Abstract:
Remote sensing foundation models must learn from instruments that differ in physics, spatial scale, coverage, temporal cadence, and information content. These characteristics challenge assumptions underlying mainstream natural image and language models, demanding new architectural and training strategies. In this talk, I will discuss foundation models designed for the unique opportunities and challenges of Earth and for Mars remote sensing data. These models adopt different approaches to multimodal pretraining shaped by their distinct data regimes and downstream application objectives. Through this comparison, I will discuss how data heterogeneity impacts representation learning approaches and suggest new directions for multimodal foundation models that go beyond natural images and language.
Bio:
Hannah Kerner is an Assistant Professor in the School of Computing and Augmented Intelligence at Arizona State University. Her research focuses on advancing the foundations and applications of machine learning to foster a more sustainable, responsible, and fair future for all.

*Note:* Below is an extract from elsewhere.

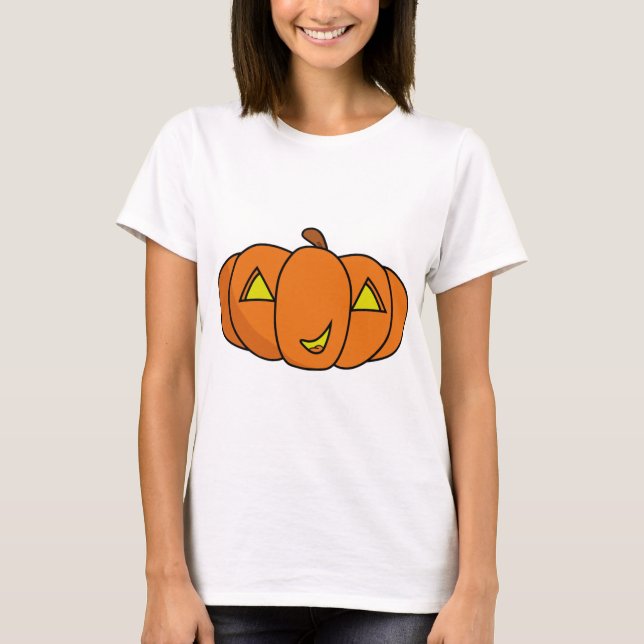 T-shirt Citrouille d'Halloween doux et souriant (Devant)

Her lab is conducting research projects in machine learning for remote sensing, algorithmic bias, and machine learning theory. She translates research advances to real-world impact through her roles as the AI/Machine Learning Lead for NASA Harvest and NASA Acres, Center Faculty for the ASU Center for Global Discovery and Conservation Science (GDCS), and Research Director for Taylor Geospatial. She has been recognized by multiple prestigious research awards including NSF CAREER (2025), Schmidt Sciences AI2050 Early Career Fellowship (2025), and Forbes 30 Under 30 in Science (2021).
Summary:
Focus: Geospatial foundation models on Earth and Mars
Data required to support decision-making: agriculture, ecosystems, disasters
Common problem format:
Input:
Sparse observational data of surface properties (on-ground measurements, survey data, manual annotations)
Wall-to-wall remote-sensing data
Output: wall-to-wall maps of inferred surface features
Challenge: creating end-to-end pipelines to do this inference for many features of interest to stakeholders
Foundation models make these processing tasks much simpler
Compress multi-modal/multi-sensor observations into a compact latent space
Can create predictive models of surface features given these latent vectors
Very expensive to create, very cheap to use
Need to be as flexible as possible to accommodate diverse user-cases
Have developed family of Earth Foundation models
Presto: Pre-trained remote sensing transformer
Upto 5 sensors/data sources: 15 dynamics channels + 5 static variables
Location, elevation, dynamic world, precipitation, Sentinel-1, Sentinel-2 RGB
Globally diverse data
Flexible to missing data points via random masking
Fairly small model: .4M params.
Easy to routinely run for individual teams
Fast to fine-tune for individual tasks
Challenge: does not incorporate spatial inputs
Galileo: Global and Local Flexible Earth Observation models
Natively handles different shapes
Upto 9 sensors/data sources
Flexible input shape
Combination of masked reconstruction and contrastics learning
Good performance across all scales e.g. regional (coast line, forest) and local (tree, cow)
Global loss with variable exit encoder (model can use latent features from earlier levels of the encoding stack; 2 exit points)
Local loss with shallow encodings
Smaller, computationally efficient models than others with comparable performance
Challenges: unstable training, hard to use
OlmoEarth: Stable Latent Image Modeling for Multimodal Earth Observation
Modeling innovation
Extensive improvement in testing and analysis
Upto 9 sensors/data sources, including maps and derived products in addition to raw observations
More stable training by replacing a learned projection with a random projection
Contrastive loss focuses on hard negatives to ensure model can’t leak information across modalities
Accessible platform: olmoearth.allenai.org
Mars Foundation Models
Far less data: modalities, variable resolution, time period, spatial coverage
Approach: task arithmetic
Independent model for each sensor
Combine the outputs of the models via adding
MOMO: Mars Orbital Model
Novel strategy:
Train sub-models until they have similar loss values
Then take those model checkpoints and combine them into single model
Observations:
Multi-modal learning is a lot more complex than just adding more modalities
Simple model architectures lead to naive solutions
Pre-training objectives should incorporate data structure and complementarity
Local vs global complementarity
Multi-modal: different views of same location
Multi-model pretraining depends on missingness of the data